Neither does mine, but any user logged in to a local console can manually mount a USB device of their choice through udisks and exploit filesystem vulnerabilities. On my personal systems that isn't so much of a problem, because I'm both the only local user and the admin (via sudo). It's more of a problem for devices such as kiosks which have other protection against the usual physical attacks—such as being located in a public place and monitored by security cameras—but need to expose USB ports, SD card slots, etc. for use by untrusted individuals. I suppose they could mount the raw block device via FUSE as an untrusted user, bypassing the kernel's filesystem code altogether, but it would be better if filesystems could just treat data from block devices as untrusted input.

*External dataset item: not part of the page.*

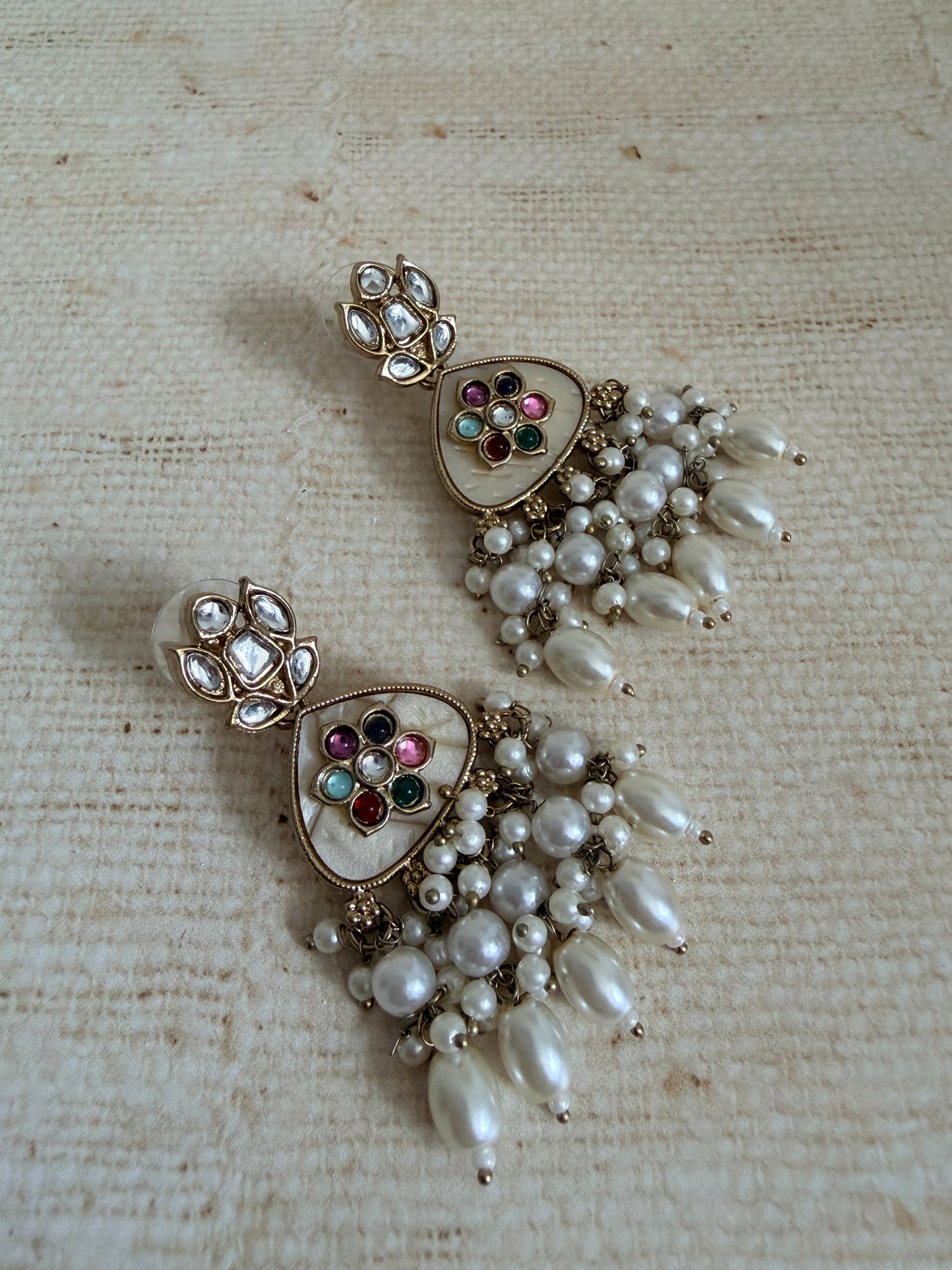 Pair of ornate earrings with pearls and gemstones on a textured beige background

Besides the obvious security implications this would also help protect the system against more pedestrian data corruption.

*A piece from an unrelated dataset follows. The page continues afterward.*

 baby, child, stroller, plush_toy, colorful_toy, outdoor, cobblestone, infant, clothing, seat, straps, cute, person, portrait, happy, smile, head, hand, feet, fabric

I really have to wonder what the point is of an option like "nodev" or "nosuid" when (a) creating device nodes or SUID-root executable the normal way already requires root (or equivalent capabilities) and (b) if a user can create an accessible device node or SUID-root executable _without_ root, by directly modifying the filesystem, they are already presumed to be able to mount a corrupted filesystem, which is equivalent to having root.

Namespaced file capabilities

Posted Jul 6, 2017 17:21 UTC (Thu) by smcv (subscriber, #53363) [Link] (1 responses)

> any user logged in to a local console can manually mount a USB device of their choice through udisks

Only if the policies loaded by polkit say they can. The default policies provided with udisks assume that your system is a typical laptop, desktop or server, where physical access means the attacker has essentially already won; but on a kiosk-style system you don't have to use those defaults.

Namespaced file capabilities

Posted Jul 6, 2017 19:05 UTC (Thu) by nybble41 (subscriber, #55106) [Link]

> Only if the policies loaded by polkit say they can. ... on a kiosk-style system you don't have to use those defaults.

Right, but part of the function of the kiosk (for e.g. a self-service photo order kiosk) is loading files from user-supplied removable media. I would imagine one doesn't typically use udisks for this, but they still need to access the files somehow.